PR Choices Haunt Google in Social Media Breach

Never have so many people cared so much about a social media platform that mattered so little. Last week, news broke that Google+, the Hindenberg of Facebook competitors, performed a relatively routine patch of a user privacy issue back in March. The story, which by all rights should have faded away quickly, instead has mushroomed into a major headache for Google. The big fuss doesn’t make much sense, until you consider Google’s recent history of questionable PR decisions.

At a September hearing over Russian interference in the 2016 presidential election, the Senate Intelligence Committee gave Google the “empty chair” treatment. Twitter’s CEO and Facebook COO showed up for questioning about social media sites’ susceptibility to foreign influence, but Google’s big shots stayed home. The committee responded by shaming the company with an empty witness chair ostentatiously marked “Google.”

A D.C. communications pro called Google’s decision not to show up “bizzare.” In words that have turned prophetic, Adam Goldberg of Trident DMG told Bloomberg: “If you’re not at the table, you’re on the menu, and Congress looks hungry.”
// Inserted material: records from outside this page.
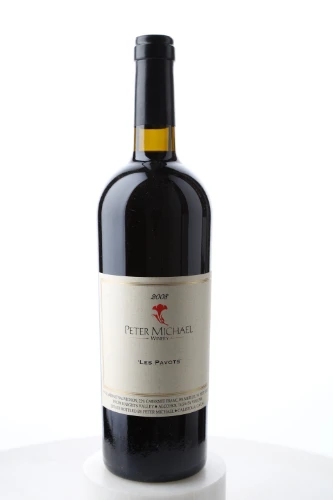 Rotwein, Les Pavots, 2008, Peter Michael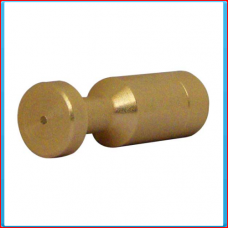 End plug 12mm brass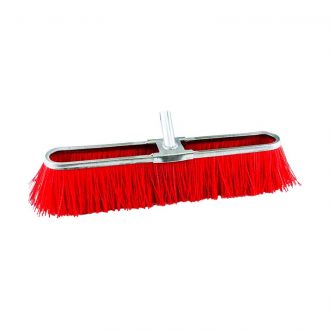 INDUSTRIAL BROOM WITH HARDWOOD HANDLE 60CM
Little more than a month later, Google served itself up, piping hot, with the Google+ story. As the Wall Street Journal just reported, back in March Google discovered that Google+ “permitted developers to retrieve the data of some users who never intended to share it publicly.” The private information of half a million users could have been accessed by outside developers through this vulnerability. Google repaired the data security flaw but did not disclose it.
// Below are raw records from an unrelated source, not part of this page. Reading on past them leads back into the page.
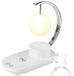 Verk 12368 Lampe avec haut-parleur bluetooth, éclairage RVB et chargement sans fil, lune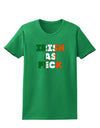 Irish As Feck Funny Womens Dark T-Shirt by TooLoud-TooLoud-Kelly-Green-X-Small-Davson Sales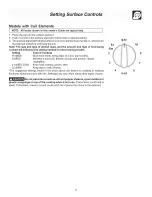 Preview for 7 page of Frigidaire FED355EBD Use & Care Manual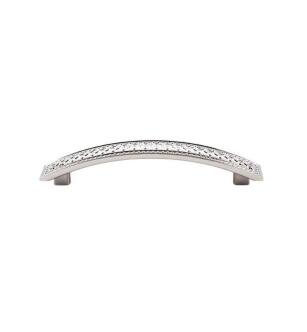 Top Knobs TK175PN Trevi 5" Center to Center Zinc Alloy Trevi Crest Pull in Polished Nickel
That all sounds bad, and it is, but it’s no Cambridge Analytica. In fact, it’s unclear whether Google acted outside the bounds of the law. New legislation that imposes duties on companies to report breaches–like the GDPR and the new California statute–may not come into play, given that Google can’t say whether any user data was actually taken. (Also, the GDPR wasn’t effective in March; California’s law doesn’t become effective until 2020.) And while many predict the SEC will be sniffing around, it is at worst questionable as to whether Google’s actions violate the agency’s 2018 guidance on reporting cybersecurity breaches. That guidance specifically states that “We do not expect companies to publicly disclose specific, technical information about their cybersecurity systems” that would make them more vulnerable.

Cybersecurity experts are saying that the kind of fix that Google performed is a yawner–something that happens “thousands of times a year.” Going further, they say that requiring companies to report a flaw like the one in Google+, when Google can’t identify any individuals affected, would be counterproductive. It would give companies an incentive not to find security problems with their software.
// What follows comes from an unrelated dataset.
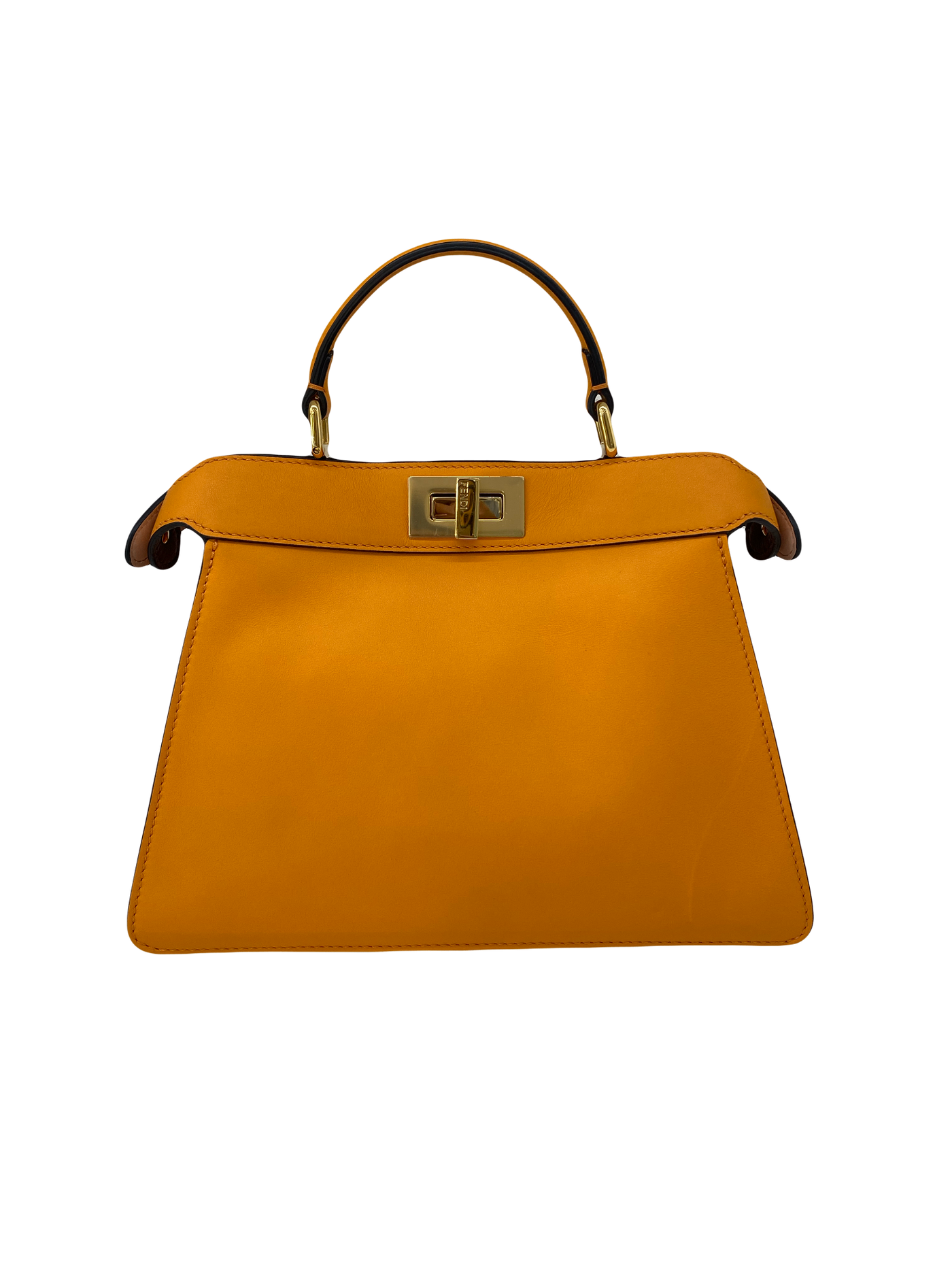 Hermès Handbag Mustard yellow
The full context, then, is pretty favorable to Google–but government isn’t necessarily interested in the full context. The Judiciary Committee is still stung by Google’s refusal to send founder Larry Page or CEO Sundar Pichai to the September hearing. On Friday, Senator Grassley sent a harsh letter asking about the data exposure and taking the opportunity to lash out at the company again for its absence in September.

Worse, the Wall Street Journal report included damning details about why Google decided not to report the Google+ flaw. A memo from Google legal and policy personnel worried that disclosing the incident would result “in us coming into the spotlight alongside or even instead of Facebook despite having stayed under the radar throughout the Cambridge Analytica scandal.” It went on to say that disclosure “almost guarantees Sundar will testify before Congress.”

Between then and now, the CEO has agreed to testify before the House Judiciary Committee in November. You can bet that its members are hungry, and sharpening their knives for the feast.